- **Brief**:
For the records that follow, please set down exactly the lines between the one holding "В Днепропетровске 7-летний" and the one holding "737 PINECREST Dr, Grants Pass, OR 97526", inclusive, and only those.

- **Extracted entries**:
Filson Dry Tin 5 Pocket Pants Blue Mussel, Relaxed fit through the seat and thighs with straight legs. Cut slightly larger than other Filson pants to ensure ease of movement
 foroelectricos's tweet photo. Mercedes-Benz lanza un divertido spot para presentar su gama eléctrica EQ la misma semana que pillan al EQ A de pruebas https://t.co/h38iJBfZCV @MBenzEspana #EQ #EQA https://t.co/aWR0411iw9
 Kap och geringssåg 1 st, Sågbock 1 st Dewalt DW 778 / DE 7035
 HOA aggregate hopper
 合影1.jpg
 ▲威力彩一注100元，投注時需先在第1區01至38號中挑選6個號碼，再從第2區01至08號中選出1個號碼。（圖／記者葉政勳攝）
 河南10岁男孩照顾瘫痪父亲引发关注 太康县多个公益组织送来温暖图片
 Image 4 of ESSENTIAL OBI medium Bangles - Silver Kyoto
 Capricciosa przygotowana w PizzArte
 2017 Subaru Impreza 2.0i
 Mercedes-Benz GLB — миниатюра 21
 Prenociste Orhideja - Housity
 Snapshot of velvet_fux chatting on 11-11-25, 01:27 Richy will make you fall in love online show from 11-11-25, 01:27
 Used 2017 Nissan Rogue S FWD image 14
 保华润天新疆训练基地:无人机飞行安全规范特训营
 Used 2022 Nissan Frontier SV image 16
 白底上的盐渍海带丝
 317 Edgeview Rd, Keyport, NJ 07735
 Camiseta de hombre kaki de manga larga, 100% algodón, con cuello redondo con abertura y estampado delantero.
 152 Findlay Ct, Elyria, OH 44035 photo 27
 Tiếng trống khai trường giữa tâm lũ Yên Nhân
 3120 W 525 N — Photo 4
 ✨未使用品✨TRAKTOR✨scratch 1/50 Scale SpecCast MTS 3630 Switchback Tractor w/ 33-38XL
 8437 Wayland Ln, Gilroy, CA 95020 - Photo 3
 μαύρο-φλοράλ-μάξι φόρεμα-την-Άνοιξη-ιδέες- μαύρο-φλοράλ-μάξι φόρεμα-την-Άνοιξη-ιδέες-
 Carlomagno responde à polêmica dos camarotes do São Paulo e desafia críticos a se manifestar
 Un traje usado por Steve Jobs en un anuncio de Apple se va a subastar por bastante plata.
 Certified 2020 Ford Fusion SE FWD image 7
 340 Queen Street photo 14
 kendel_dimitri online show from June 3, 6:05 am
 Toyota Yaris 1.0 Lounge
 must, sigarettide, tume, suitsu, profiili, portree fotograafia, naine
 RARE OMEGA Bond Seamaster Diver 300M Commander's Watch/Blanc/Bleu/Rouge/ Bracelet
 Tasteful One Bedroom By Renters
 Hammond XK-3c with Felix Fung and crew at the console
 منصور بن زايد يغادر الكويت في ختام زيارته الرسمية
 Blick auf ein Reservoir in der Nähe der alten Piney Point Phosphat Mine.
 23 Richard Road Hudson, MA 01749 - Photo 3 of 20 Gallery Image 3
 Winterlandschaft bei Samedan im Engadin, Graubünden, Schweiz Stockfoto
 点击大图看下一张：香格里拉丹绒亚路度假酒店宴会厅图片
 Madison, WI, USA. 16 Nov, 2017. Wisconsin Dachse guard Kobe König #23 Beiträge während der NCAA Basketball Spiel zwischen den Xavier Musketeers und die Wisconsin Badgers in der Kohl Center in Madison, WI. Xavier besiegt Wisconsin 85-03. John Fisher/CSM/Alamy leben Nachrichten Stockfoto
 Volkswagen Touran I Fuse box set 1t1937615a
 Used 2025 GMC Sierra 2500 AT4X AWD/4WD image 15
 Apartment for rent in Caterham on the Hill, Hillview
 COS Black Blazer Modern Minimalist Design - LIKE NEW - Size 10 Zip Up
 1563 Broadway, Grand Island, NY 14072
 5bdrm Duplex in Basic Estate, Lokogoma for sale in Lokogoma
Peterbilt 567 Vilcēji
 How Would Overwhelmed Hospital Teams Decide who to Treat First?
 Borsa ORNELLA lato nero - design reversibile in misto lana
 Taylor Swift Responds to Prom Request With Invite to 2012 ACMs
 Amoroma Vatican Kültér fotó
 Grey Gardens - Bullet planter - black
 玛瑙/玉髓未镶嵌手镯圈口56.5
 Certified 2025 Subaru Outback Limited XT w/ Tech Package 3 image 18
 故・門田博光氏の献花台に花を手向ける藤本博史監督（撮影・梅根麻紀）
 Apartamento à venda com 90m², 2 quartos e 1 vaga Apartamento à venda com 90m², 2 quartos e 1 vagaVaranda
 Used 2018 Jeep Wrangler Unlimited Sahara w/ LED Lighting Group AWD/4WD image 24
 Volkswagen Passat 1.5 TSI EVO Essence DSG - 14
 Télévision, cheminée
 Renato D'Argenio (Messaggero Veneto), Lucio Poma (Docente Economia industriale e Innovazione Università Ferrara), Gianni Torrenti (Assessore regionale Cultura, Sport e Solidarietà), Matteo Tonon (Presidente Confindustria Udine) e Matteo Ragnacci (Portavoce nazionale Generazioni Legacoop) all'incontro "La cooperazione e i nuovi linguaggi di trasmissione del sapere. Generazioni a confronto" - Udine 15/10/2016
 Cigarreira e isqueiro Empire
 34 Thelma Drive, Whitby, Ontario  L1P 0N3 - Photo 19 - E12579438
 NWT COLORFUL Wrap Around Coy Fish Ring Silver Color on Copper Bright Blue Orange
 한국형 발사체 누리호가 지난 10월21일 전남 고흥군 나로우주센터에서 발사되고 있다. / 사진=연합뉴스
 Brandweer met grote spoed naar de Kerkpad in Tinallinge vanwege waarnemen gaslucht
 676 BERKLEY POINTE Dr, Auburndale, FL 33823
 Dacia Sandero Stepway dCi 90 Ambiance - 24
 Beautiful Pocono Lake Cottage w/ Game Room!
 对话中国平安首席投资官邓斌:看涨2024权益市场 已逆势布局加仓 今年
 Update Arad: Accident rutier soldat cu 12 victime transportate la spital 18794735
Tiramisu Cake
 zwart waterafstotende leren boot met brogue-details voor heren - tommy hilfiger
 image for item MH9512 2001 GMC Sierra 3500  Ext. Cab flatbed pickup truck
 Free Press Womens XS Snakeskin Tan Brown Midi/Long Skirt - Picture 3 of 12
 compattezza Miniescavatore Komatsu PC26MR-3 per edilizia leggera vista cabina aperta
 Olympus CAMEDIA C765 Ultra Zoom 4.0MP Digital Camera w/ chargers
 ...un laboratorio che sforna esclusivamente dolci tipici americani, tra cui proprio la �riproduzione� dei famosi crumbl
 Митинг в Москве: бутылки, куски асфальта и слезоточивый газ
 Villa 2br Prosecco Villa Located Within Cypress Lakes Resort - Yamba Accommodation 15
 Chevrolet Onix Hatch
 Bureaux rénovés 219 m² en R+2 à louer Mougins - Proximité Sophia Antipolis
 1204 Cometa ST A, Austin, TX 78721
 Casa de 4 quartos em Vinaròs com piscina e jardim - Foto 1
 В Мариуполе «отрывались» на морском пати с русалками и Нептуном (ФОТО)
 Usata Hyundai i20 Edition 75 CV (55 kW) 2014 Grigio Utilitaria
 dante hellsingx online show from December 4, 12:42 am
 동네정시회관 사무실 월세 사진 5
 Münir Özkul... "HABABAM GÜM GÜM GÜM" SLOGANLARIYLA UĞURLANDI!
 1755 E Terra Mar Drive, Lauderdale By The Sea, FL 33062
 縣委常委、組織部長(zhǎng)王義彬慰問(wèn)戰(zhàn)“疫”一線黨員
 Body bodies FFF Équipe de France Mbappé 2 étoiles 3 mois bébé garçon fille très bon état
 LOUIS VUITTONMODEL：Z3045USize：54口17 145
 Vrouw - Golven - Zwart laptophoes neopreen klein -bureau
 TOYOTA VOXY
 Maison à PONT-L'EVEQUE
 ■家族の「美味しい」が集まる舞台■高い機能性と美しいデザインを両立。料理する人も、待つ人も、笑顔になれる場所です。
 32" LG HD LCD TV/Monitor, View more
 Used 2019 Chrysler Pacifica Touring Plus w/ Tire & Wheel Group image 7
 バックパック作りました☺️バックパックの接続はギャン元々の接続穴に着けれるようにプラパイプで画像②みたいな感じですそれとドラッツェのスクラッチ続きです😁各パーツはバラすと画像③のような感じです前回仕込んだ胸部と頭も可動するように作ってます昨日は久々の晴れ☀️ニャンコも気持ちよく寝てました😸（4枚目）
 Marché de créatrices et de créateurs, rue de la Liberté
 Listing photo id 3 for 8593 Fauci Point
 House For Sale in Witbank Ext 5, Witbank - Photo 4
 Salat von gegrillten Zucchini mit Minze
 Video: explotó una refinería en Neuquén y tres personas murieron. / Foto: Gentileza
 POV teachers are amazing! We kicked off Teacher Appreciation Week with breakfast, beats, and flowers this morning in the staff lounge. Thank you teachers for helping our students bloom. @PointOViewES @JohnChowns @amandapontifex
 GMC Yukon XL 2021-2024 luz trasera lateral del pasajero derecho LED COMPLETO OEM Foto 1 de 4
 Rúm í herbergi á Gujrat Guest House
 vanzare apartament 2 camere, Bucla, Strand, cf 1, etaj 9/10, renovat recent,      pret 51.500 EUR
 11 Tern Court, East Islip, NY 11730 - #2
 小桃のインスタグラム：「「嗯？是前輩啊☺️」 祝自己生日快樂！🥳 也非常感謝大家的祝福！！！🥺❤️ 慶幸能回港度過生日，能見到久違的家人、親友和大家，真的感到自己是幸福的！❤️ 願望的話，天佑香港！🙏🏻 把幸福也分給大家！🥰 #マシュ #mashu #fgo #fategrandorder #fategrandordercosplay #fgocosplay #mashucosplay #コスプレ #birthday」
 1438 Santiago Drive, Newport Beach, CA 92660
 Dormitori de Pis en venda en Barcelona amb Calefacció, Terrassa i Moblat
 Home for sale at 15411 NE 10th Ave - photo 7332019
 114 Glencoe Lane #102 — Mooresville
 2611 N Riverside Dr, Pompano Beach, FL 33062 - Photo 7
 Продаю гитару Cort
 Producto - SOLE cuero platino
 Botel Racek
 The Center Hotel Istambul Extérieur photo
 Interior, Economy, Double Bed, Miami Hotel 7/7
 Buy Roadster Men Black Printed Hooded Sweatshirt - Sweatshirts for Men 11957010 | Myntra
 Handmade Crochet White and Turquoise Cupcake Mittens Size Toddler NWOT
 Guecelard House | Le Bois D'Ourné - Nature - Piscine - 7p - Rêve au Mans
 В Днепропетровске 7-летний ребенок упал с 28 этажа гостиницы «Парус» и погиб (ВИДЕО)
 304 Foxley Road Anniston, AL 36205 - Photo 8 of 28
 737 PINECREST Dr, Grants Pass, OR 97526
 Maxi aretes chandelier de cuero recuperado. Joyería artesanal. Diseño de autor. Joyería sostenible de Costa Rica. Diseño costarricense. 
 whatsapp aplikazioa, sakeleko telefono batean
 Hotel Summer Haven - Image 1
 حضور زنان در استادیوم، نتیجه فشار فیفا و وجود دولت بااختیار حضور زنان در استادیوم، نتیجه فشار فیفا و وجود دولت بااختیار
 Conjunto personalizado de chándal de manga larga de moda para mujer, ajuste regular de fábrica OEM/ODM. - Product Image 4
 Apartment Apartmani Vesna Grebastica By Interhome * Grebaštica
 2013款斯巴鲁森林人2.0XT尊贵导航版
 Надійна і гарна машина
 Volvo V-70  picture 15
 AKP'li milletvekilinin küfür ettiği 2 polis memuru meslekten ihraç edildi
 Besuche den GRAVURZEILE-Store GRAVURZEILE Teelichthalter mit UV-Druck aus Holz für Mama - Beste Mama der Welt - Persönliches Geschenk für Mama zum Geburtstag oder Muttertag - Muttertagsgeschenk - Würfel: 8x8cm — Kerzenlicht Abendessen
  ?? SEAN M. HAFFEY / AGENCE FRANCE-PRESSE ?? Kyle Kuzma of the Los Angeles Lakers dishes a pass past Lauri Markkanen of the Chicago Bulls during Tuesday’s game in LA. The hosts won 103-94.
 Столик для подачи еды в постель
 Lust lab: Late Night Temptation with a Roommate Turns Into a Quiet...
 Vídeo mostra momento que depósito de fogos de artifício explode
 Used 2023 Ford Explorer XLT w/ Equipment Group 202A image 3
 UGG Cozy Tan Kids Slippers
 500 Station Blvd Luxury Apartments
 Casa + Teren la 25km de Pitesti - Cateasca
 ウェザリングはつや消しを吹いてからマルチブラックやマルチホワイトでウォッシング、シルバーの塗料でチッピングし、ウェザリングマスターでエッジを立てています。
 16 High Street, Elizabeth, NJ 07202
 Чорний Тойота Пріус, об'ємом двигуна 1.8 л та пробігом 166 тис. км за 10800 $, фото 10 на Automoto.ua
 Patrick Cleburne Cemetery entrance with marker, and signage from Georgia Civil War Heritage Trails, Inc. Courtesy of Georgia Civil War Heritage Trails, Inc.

- **Response box**:
 В Днепропетровске 7-летний ребенок упал с 28 этажа гостиницы «Парус» и погиб (ВИДЕО)
 304 Foxley Road Anniston, AL 36205 - Photo 8 of 28
 737 PINECREST Dr, Grants Pass, OR 97526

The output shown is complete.